Furthermore, in thromboembolic stroke, it is well established that collateral circulation plays a pivotal role in patient outcomes and the treatment window to draw benefit from reperfusion [10,11]. While primary Willisian collaterals, mainly referred to herein, may be kept distinct from secondary leptomeningeal anastomoses, corresponding mechanisms seem plausible in pituitary apoplexy with secondary ischaemia, and suggest time to treatment might be more crucial than has been previously appreciated. As the vascular anatomy and collateral capacity generally varies between individuals [12], the clinical course after onset of symptoms may differ as well, and thus make some patients more susceptible to secondary ischaemia than others. Hence, we read with interest the report on a similar case by Sussman et al., in which perfusion imaging identified a large penumbra in a comatose patient, who almost fully recovered with immediate sellar decompression [8]. Importantly, however, collateral status and tissue at risk should ideally be assessed early on–most preferably prior to escalating neurological deficits–as the mortality in cases with progressive symptoms is considerable [3,4]. As a consequence, reduced time to surgical decompression may speculatively triumph the need for perfusion imaging in such acute situations, as the superior outcome experienced with prompt intervention in the current report likely mirrors the efficacy recorded with early reperfusion in thromboembolic stroke [13]. Ultimately, principal arguments behind conservative management include the risk of haemorrhagic infarction after revascularisation [5,14]: The risk of which correlates with penumbral size and time to recanalization in particular [15]. Watchful waiting may therefore paradoxically put patients with vascular occlusion in an even worse situation, as the need of surgery seems to be merely postponed [4,8].

Conclusion

Pituitary apoplexy complicated by major vessel occlusion remains an exceptionally rare condition associated with profound morbidity and mortality; hypothetically to some extent due to the underrecognized importance of collateral circulation. More specifically, prior studies suggest a symptoms-based management likely to be insufficient in these settings, as primary collaterals may provide a window of treatment, during which impending cerebral ischaemia may go unnoticed, until abrupt hypoperfusion ensues. The present report will hopefully help add to our limited understanding of these challenging conditions, and foremost, make clinicians faced with similar situations aware of the risk of delayed neurological deterioration owing to collateral circulation.

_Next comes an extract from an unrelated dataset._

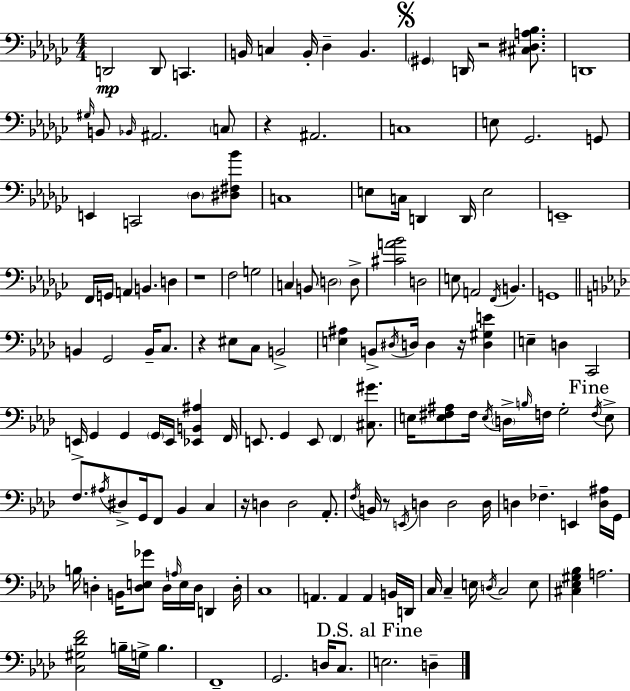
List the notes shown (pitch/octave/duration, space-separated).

D2/h D2/e C2/q. B2/s C3/q B2/s Db3/q B2/q. G#2/q D2/s R/h [C#3,D#3,A3,Bb3]/e. D2/w G#3/s B2/e Bb2/s A#2/h. C3/e R/q A#2/h. C3/w E3/e Gb2/h. G2/e E2/q C2/h Db3/e [D#3,F#3,Bb4]/e C3/w E3/e C3/s D2/q D2/s E3/h E2/w F2/s G2/s A2/q B2/q. D3/q R/w F3/h G3/h C3/q B2/e D3/h D3/e [C#4,A4,Bb4]/h D3/h E3/e A2/h F2/s B2/q. G2/w B2/q G2/h B2/s C3/e. R/q EIS3/e C3/e B2/h [E3,A#3]/q B2/e D#3/s D3/s D3/q R/s [D3,G#3,E4]/q E3/q D3/q C2/h E2/s G2/q G2/q G2/s E2/s [Eb2,B2,A#3]/q F2/s E2/e. G2/q E2/e F2/q [C#3,G#4]/e. E3/s [E3,F#3,A#3]/e F#3/s E3/s D3/s B3/s F3/s G3/h F3/s E3/e F3/e. A#3/s D#3/e G2/s F2/e Bb2/q C3/q R/s D3/q D3/h Ab2/e. F3/s B2/s R/e E2/s D3/q D3/h D3/s D3/q FES3/q. E2/q [D3,A#3]/s G2/s B3/s D3/q B2/s [D3,E3,Gb4]/e D3/s A3/s E3/s D3/s D2/q D3/s C3/w A2/q. A2/q A2/q B2/s D2/s C3/s C3/q E3/s D3/s C3/h E3/e [C#3,Eb3,G#3,Bb3]/q A3/h. [C3,G#3,Db4,F4]/h B3/s G3/s B3/q. F2/w G2/h. D3/s C3/e. E3/h. D3/q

Informed consent and ethics approval: Written informed consent was obtained from the patient for writing and publication of this report and may be enclosed upon request. The need for ethics approval was waived in accordance with the Umeå University policy on case reports. Research reported herein conforms to the Helsinki Declaration.

Human and animal rights: The work described has not involved experimentation on humans or animals.

Financial support: The Foundation for Medical Research in Skellefteå, Sweden.